Yugoslavia would've just been the Serbian Empire.
In any case,
the major change to the world wouldn't've been anything in Europe itself. China had just finally gotten rid of the Qing Empire and was a basketcase; without Europe committing suicide and losing all interest in playing its factions against one another, it would've been firmly carved into spheres of influence before it could get its act together:
View attachment 546974
Note that this map understates Russian claims in both Manchuria and Xinjiang and doesn't note well that Korea and Taiwan were already held by Japan. Also weird of them to mention Hangzhou and Chongqing and not the major international settlements at Tianjin, Shanghai, etc.
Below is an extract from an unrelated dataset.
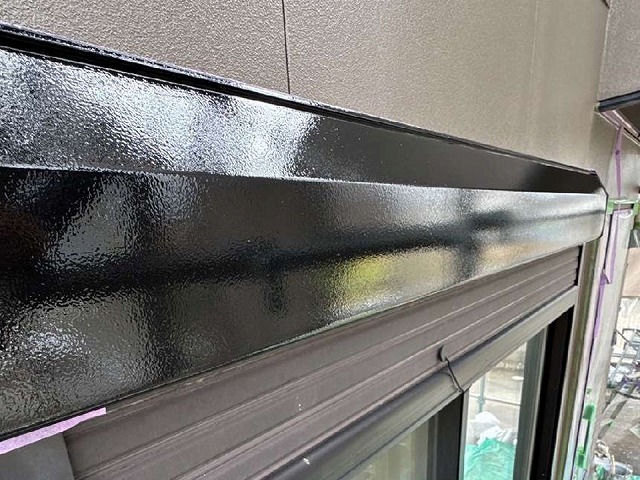 蒲郡市で庇やシャッターボックスなどの鉄部塗装、ケレンと重ね塗りで強固な塗膜を形成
Decolonizing China would've eventually happened: for all the talk of its atheism, there's 3000 years of nearly religious love for their land, its reunification, and tossing foreign rulers at the first available opportunity. Martyrdom for that cause is nearly as big a thing as it is in Islam, even without the promise of much of an afterlife. But without Mao spiking their birthrate, without Deng bringing in the One Child Policy, without He Kang and China's teams of Norman Borlaugs' focuses on improving rice output and engineers' focuses on major dams, without active American/Soviet support of its war efforts, development, etc., you might've been looking at the late 20th and early 21st century as a long boil of terrorism and reciprocal massacres amid dystopian quality of life and still-ongoing triennial floods of the Yellow River plains.
As far as the Eurocentric part of this goes, the intersection of the NS and EW trunk lines at Wuhan would've risked becoming a second Fashoda as Britain tried to maintain its hold on the Yangtze basin and France tried to push north across the mountains from Guangdong into entire provinces underlain by coal fields. Sichuan, Hebei, and Xinjiang would've been other powderkegs.